= Peter Jackson (conservationist) =

British tiger conservationist

Peter Jackson (27 January 1926 – 8 December 2016) was a British journalist, photographer and author, who took an interest in the conservation of tigers. In 1983 he became the Chair of the Cat Specialist Group, a position he held for 17 years.

Jackson worked with Reuters and was the chief correspondent for the India bureau from 1954 to 1960 and from 1962 to 1970. His interest in tigers arose during his 18 years in India as a news correspondent, which led to him working with WWF International's Operation Tiger, India's Project Tiger and conservation programs in Nepal, Thailand and Indonesia.

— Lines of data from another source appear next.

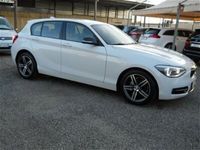 usata BMW 116 Serie 1 (F20) d 5p. Sport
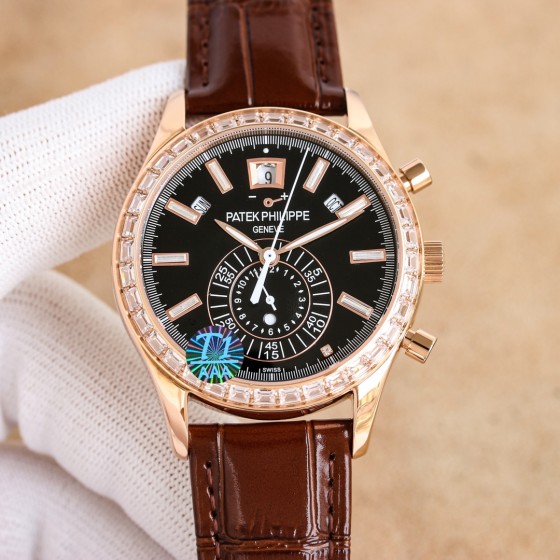 白1450 金1500 钻50
TWFactory2024墙裂推荐 重金打造经典时计】——百达.翡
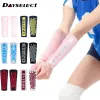 1Pcs Volleyball Sport Arm Guard Polyester Material Wristbands Protector Sleeve Hand Band Sweat Wrist Support Brace Wrap Armguard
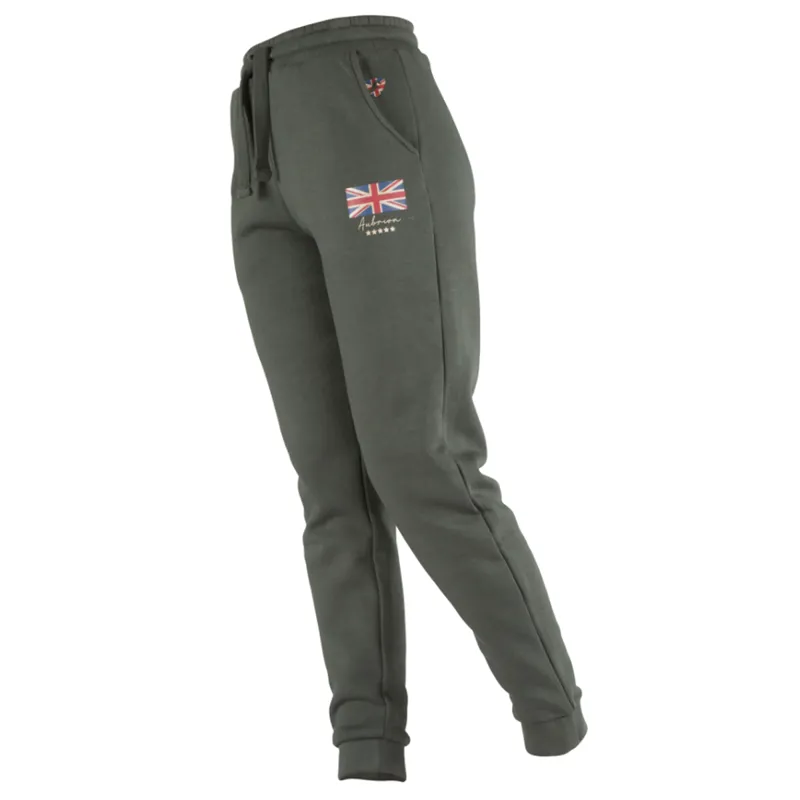 Aubrion Team Joggers - Khaki-1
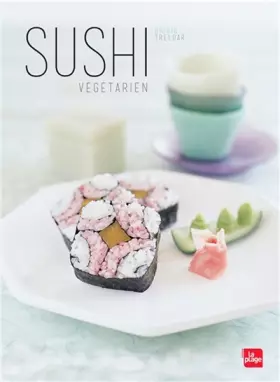 Couverture du produit · Sushi végétarien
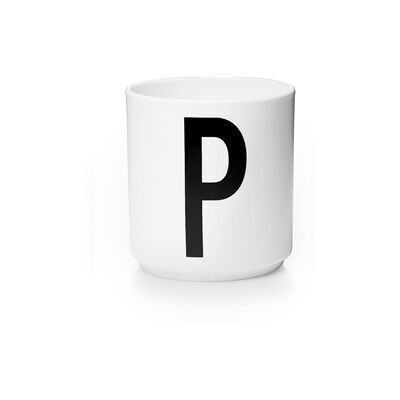 Design Letters Personlig Bokstav Kopp - Kopp Design Letters Personlig Bokstav Kopp - Kopp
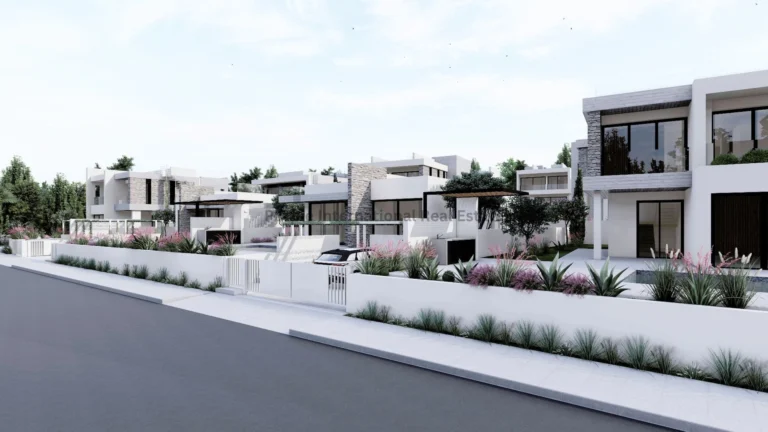 4 Bedroom House for Sale in Kissonerga, Paphos District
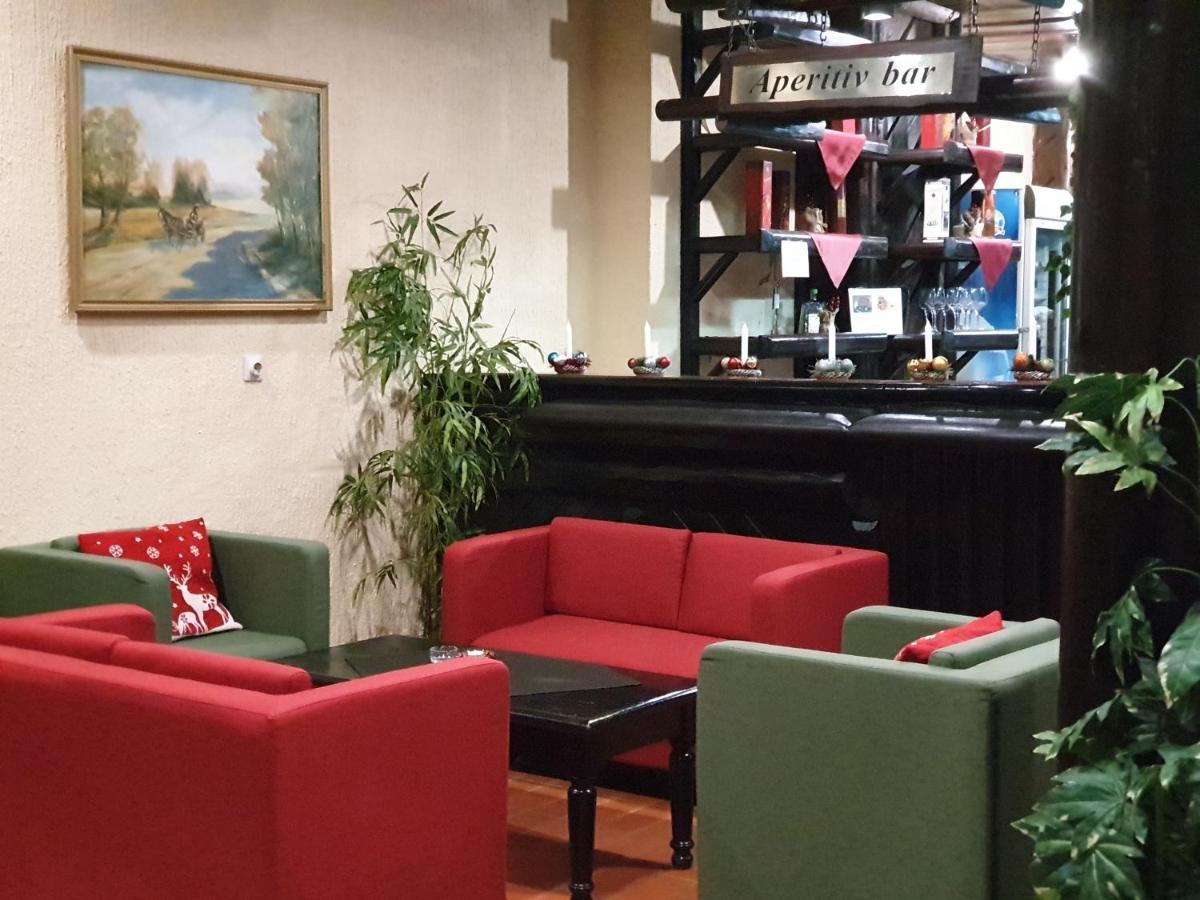 Hotel Olga Dedijer Kopaonik Bagian luar foto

Jackson initially worked independently to promote tiger conservation. He was Chairman of the International Union for Conservation of Nature (IUCN) Cat Specialist Group of the Species Survival Commission (SSC) between 1983 and 2000, and subsequently became chairman emeritus. Jackson was a world-renowned tiger conservationist who was involved in tiger research and conservation efforts from the late 1960s.

In 2005 a newly established subspecies of the tiger, Malayan tiger, was given the name Panthera tigris jacksoni in his honour.

Jackson co-authored and co-edited several publications on big cats and tigers, including Tiger! (Boxtree 1994) with Simon Barnes in association with Tigress Productions and Meridian Broadcasting, Wild Cats: Status Survey and Conservation Action Plan with Kristin Nowell (IUCN 1996) and Riding the Tiger: Tiger Conservation in Human Dominated Landscapes (Cambridge University Press 1999).

Jackson died on 8 December 2016 at the age of 90.